Pour Samira, fan inconditionnelle de l’émission dominicale de Zohra Hamdane « Dimanche en politique » où plusieurs invités politiques sont invités à débattre sur un sujet d’actualité, c’est la durée du programme qui fait défaut. « C’est tellement frustrant ! » estime la téléspectatrice qui voudrait voir plus souvent une émission de politique locale. Et d’ajouter: « il ne faut pas rester qu’entre politiques, le problème c’est que les gens sont dépolitisés aujourd’hui, il faut faire entrer les gens dans l’émission pour les intéresser. » La présentatrice et journaliste de France 3 Picardie acquiesce et espère également voir une émission plus dense à la rentrée prochaine. « La région mérite une émission quotidienne de débats de société et autour de la vie quotidienne » admet Zohra Hamdane esquissant un sourire vers les directeurs de la chaîne.

Marie Sicaud, Zohra Hamdane et Romane Idres animaient trois ateliers différents sur la représentation de la diversité dans le média régional suite à l’échange avec le public.
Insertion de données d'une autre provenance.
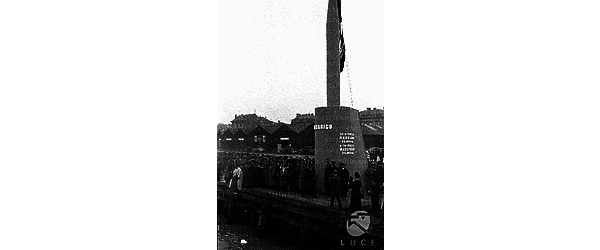 Marinai e ufficiali della Marina Militare Italiana e della Marina Militare Tedesca sul molo durante la celebrazione militare, si vede il monumento in onore del Sommergibile Barbarigo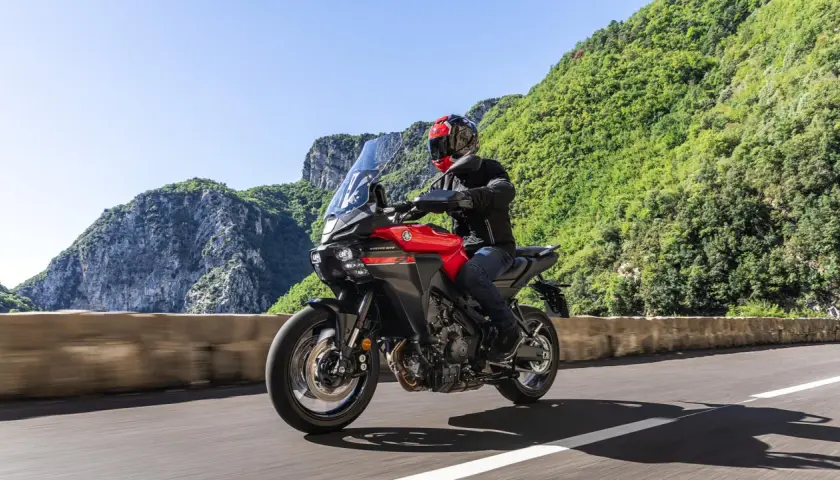 Un motociclista su una Yamaha Tracer rossa affronta una curva su una strada panoramica, godendosi una gita in moto tra montagne verdi e cielo azzurro.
Après plus d’une heure de débat entre questions interactives et propos libres, le public s’est reparti dans trois ateliers animés par trois visages féminins du média; Marie Sicaud, Zohra Hamdane et Romane Idres. Chaque atelier permettait aux participants de partager en petit groupe sur des points plus précis concernant l’égalité des genres, les LGBTQIA+ ou la représentation des diversités sociales et culturelles.

Des rencontres sous le signe de la franchise et de la convivialité qui se sont conclues en début de soirée autour d’un verre, permettant au média régional du service public d’entretenir courageusement ce lien indéfectible avec son audience, dans toute sa diversité.